- Born: Korravee Pimsuk 4 April 1992 (age 34) Bangkok, Thailand
- Other name: Kaew
- Education: Bangkok University
- Occupations: Actress; model;
- Years active: 2013–present
- Notable work: Deception
- Height: 172 cm (5 ft 8 in)

= Korravee Pimsuk =

Thai actress and fashion model (born 1992)

Korravee Pimsuk (กรวีร์ พิมสุข; ကရာဗီ; nicknamed Kaew, born 4 April 1992) is a Thai actress and model who has worked in Thailand and Myanmar. She is known for her role in the 2018 film Deception: Oo Pel Dan Myin (ဥပါယ်တံမျဉ်), which was released in Myanmar.

==Early life and education==
Korravee was born on 4 April 1992 in Bangkok, Thailand. She is the youngest of four siblings. She graduated from Bangkok University with a degree in broadcasting.

==Career==
Korravee began modeling at the age of 21 and appeared on magazine covers. She made her acting debut in the Thai-Burmese film Myanmar In Love In Bangkok (Ruk Pasa A-Rai), which is about a Thai woman and a male migrant worker from Myanmar. The film was released in cinemas in Thailand and Myanmar in 2014. The following year, Korravee starred in the film 67 Plaza alongside Burmese singer and actor Hlwan Paing.

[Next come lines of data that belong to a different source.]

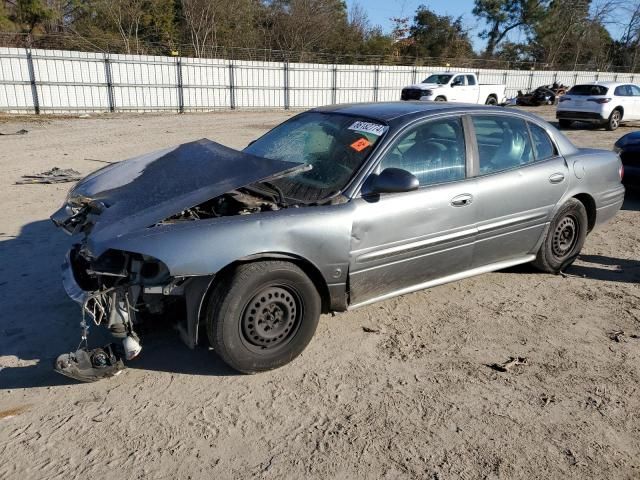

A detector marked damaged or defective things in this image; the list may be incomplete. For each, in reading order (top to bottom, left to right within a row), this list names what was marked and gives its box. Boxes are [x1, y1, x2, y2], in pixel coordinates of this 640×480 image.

detached bumper [61, 249, 89, 306]
damaged silver sedan [51, 103, 624, 380]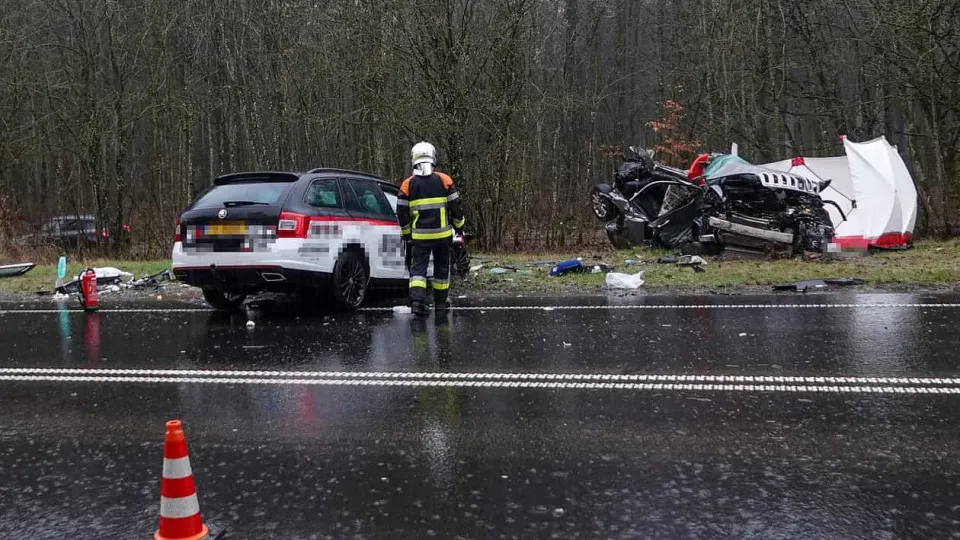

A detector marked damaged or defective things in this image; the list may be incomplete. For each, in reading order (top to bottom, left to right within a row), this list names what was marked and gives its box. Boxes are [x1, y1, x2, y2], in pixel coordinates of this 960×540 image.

severely damaged car [588, 148, 836, 258]
crushed vehicle [588, 148, 836, 258]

In 2017, she played Emily in the 2018 film Deception: Oo Pel Dan Myin, alongside Zenn Kyi and Thet Mon Myint. The film premiered in Myanmar cinemas on 19 January 2018 and remained in local theatres for seven weeks. It was also screened in Singapore. The film was commercially successful and received attention from audiences. Korravee's performance as Emily was also well received.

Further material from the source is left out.